The Robert H. Smith School of Business hosted its annual Social Enterprise Symposium, in an effort to bring together students and companies to learn about the role of business in creating social, economic, and environmental change.
This year’s, theme was Markets Make Change, which Colin Nally ,a student volunteer and coordinator, described as an underlying motivation for students to take responsibility to make profound social change. For the past few years, SES has taken place at Stamp, but Nally says that this year, the committee really wanted to bring SES back to the business school and create more interaction with business students in general.
“We want to encourage the idea that businesses are now going to be the leaders in social impact,” Nally said. “Markets Make Change is almost like a direct response to the election, maybe the government might not be the leader anymore right now, but we can be cause we have the resources and we have the people that really care about these social issues and willing to fix them.”

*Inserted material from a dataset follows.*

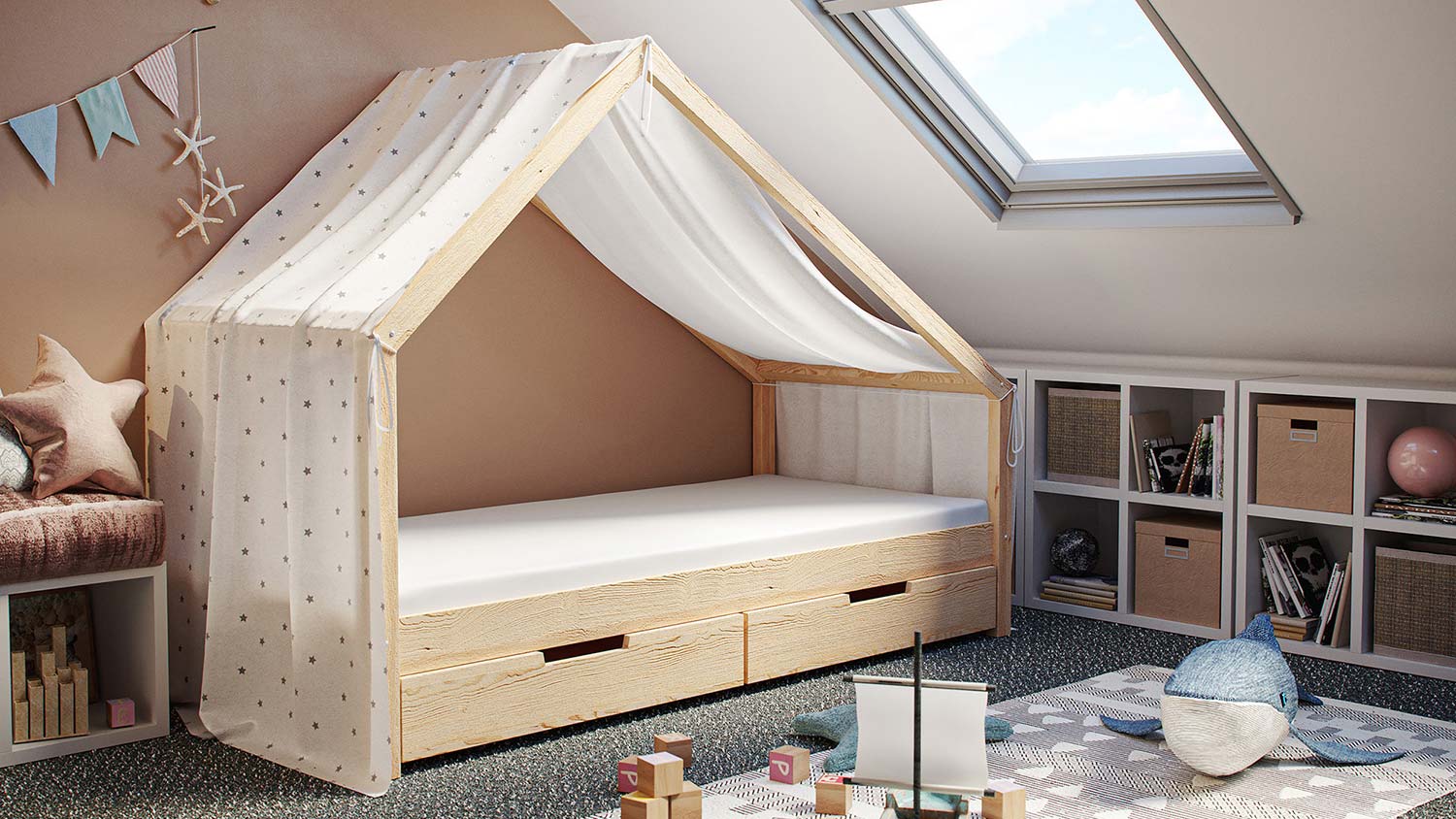 Stoffdach Betthimmel Hausbett Milo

The event took place on Wednesday from 12-5 p.m., with several keynote speaker such as Shannon Schuyler, Chief Corporate Responsibility and Purpose Officer with PricewaterhouseCoopers LLP, and Sarela Herrada, Director of Food and Beverage at Cava, amongst others. The keynote speakers were then followed by several different themed breakout session and a networking reception at the end.
Megan Katz, a Smith Undergraduate and 2014 alumni, who is now an employee of Johnson and Johnson, attended SES when she was a student at the Smith Business school and was now able to bring it full circle and participate at a Johnson and Johnson table for Pre-networking during one of the sessions.
“I was curious to talk to students about what Johnson and Johnson promoted and does to keep the people engaged at work, as well as learn myself new things and be able to bring it back to the people that I work with everyday,” Katz said.
About 300 students attended the event this year, including seniors Britany Shapiro and Jessica Atkins, both of whom are non- Business majors, but were encouraged to attend the event by their professional writing professor.
“What we learned can be relatable to many things in life and can be applied to your own personal life and the choices that you make. Being an educated and informed consumer is extremely important, no matter what field you are going into,” Shapiro said.